Fit a generalized linear model via maximum penalized likelihood using the exclusive lasso penalty. The regularization path is computed along a grid of values for the regularization parameter (lambda). The interface is intentionally similar to that of glmnet in the package of the same name.

exclusive_lasso(
  X,
  y,
  groups,
  family = c("gaussian", "binomial", "poisson"),
  weights,
  offset,
  nlambda = 100,
  lambda.min.ratio = ifelse(nobs < nvars, 0.01, 1e-04),
  lambda,
  standardize = TRUE,
  intercept = TRUE,
  lower.limits = rep(-Inf, nvars),
  upper.limits = rep(Inf, nvars),
  thresh = 1e-07,
  thresh_prox = thresh,
  skip_df = FALSE,
  algorithm = c("cd", "pg")
)

Arguments

X

The matrix of predictors (\(X \in \R^{n \times p}\))

y

The response vector (\(y\))

groups

An integer vector of length \(p\) indicating group membership. (Cf. the group argument of grpreg)

family

The GLM response type. (Cf. the family argument of glm)

weights

Weights applied to individual observations.

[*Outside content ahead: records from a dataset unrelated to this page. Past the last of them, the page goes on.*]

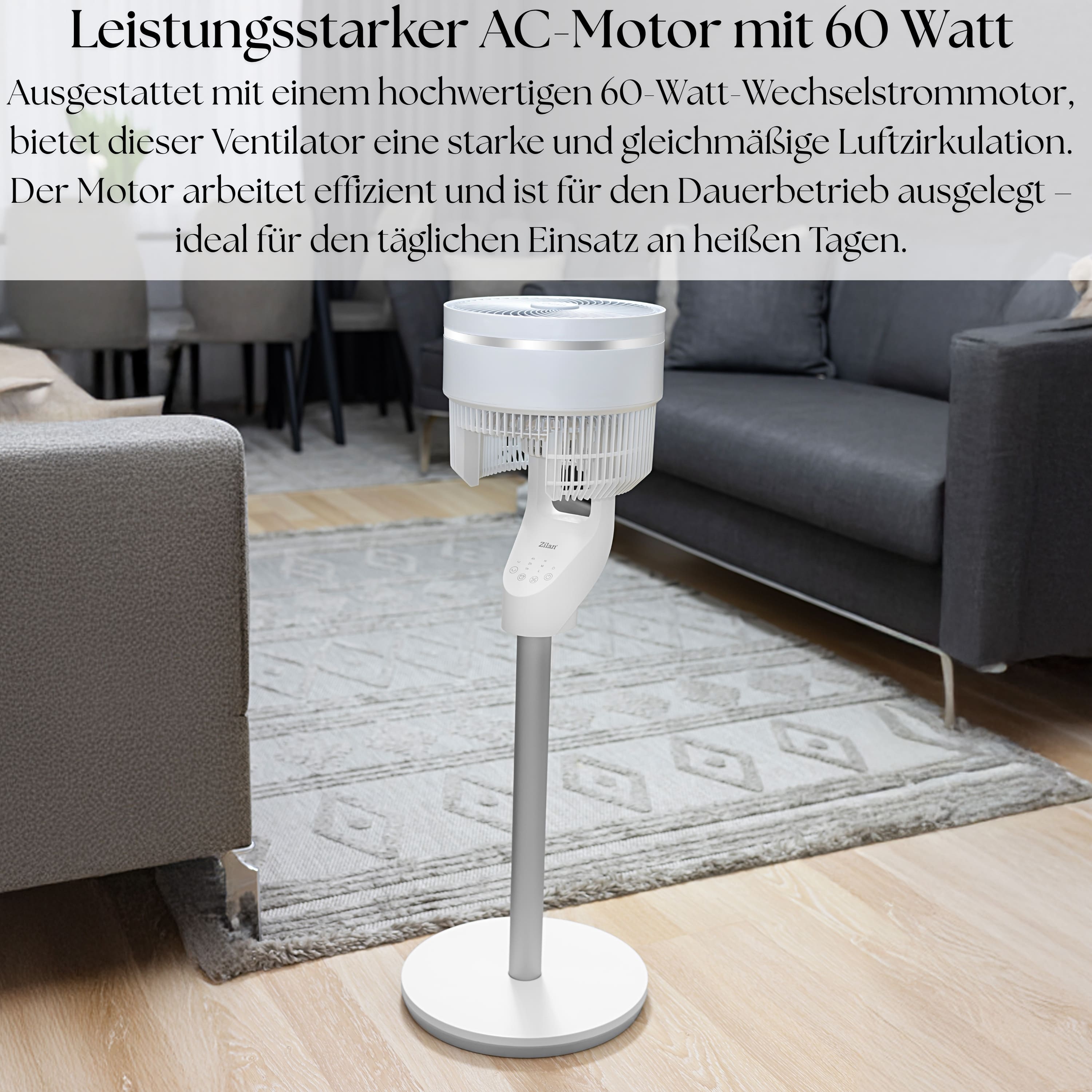 Zilan ZLN-1016 Standventilator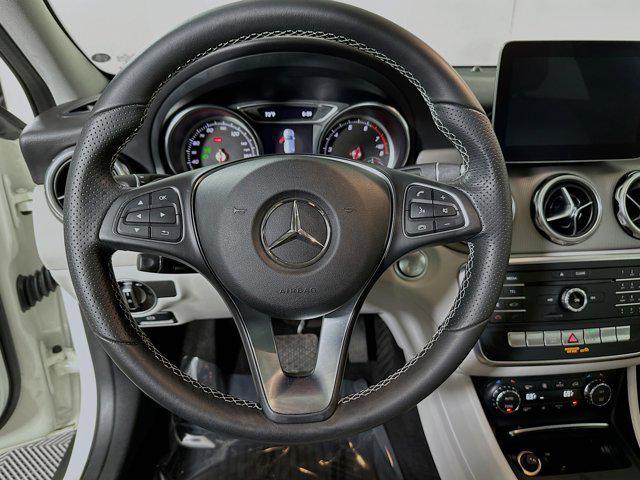 used 2018 Mercedes-Benz GLA 250 car, priced at $20,999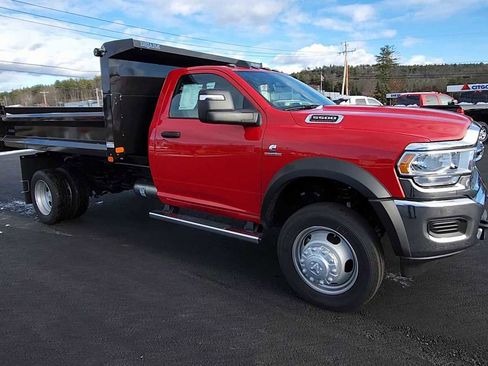 New 2024 RAM 5500 Tradesman image 2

If not supplied, all observations will be equally weighted. Will be re-scaled to sum to \(n\) if necessary. (Cf. the weight argument of lm)

offset

A vector of length \(n\) included in the linear predictor.

nlambda

The number of lambda values to use in computing the regularization path. Note that the time to run is typically sublinear in the grid size due to the use of warm starts.

lambda.min.ratio

The smallest value of lambda to be used, as a fraction of the largest value of lambda used. Unlike the lasso, there is no value of lambda such that the solution is wholly sparse, but we still use lambda_max from the lasso.

lambda

A user-specified sequence of lambdas to use.

standardize

Should X be centered and scaled before fitting?

intercept

Should the fitted model have an (unpenalized) intercept term?

lower.limits

A vector of lower bounds for each coefficient (default -Inf). Can either be a scalar (applied to each coefficient) or a vector of length p (number of coefficients).

upper.limits

A vector of lower bounds for each coefficient (default Inf). Can either be a scalar (applied to each coefficient) or a vector of length p (number of coefficients).

thresh

The convergence threshold used for the proximal gradient or coordinate-descent algorithm used to solve the penalized regression problem.

thresh_prox

The convergence threshold used for the coordinate-descent algorithm used to evaluate the proximal operator.

skip_df

Should the DF calculations be skipped? They are often slower than the actual model fitting; if calling exclusive_lasso repeatedly it may be useful to skip these calculations.

algorithm

Which algorithm to use, proximal gradient ("pg") or coordinate descent ("cd")? Empirically, coordinate descent appears to be faster for most problems (consistent with Campbell and Allen), but proximal gradient may be faster for certain problems with many small groups where the proximal operator may be evaluated quickly and to high precision.

Value

An object of class ExclusiveLassoFit containing

  • coef - A matrix of estimated coefficients

  • intercept - A vector of estimated intercepts if intercept=TRUE

  • X, y, groups, weights, offset - The data used to fit the model

  • lambda - The vector of \(\lambda\) used

  • df - An unbiased estimate of the degrees of freedom (see Theorem 5 in [1])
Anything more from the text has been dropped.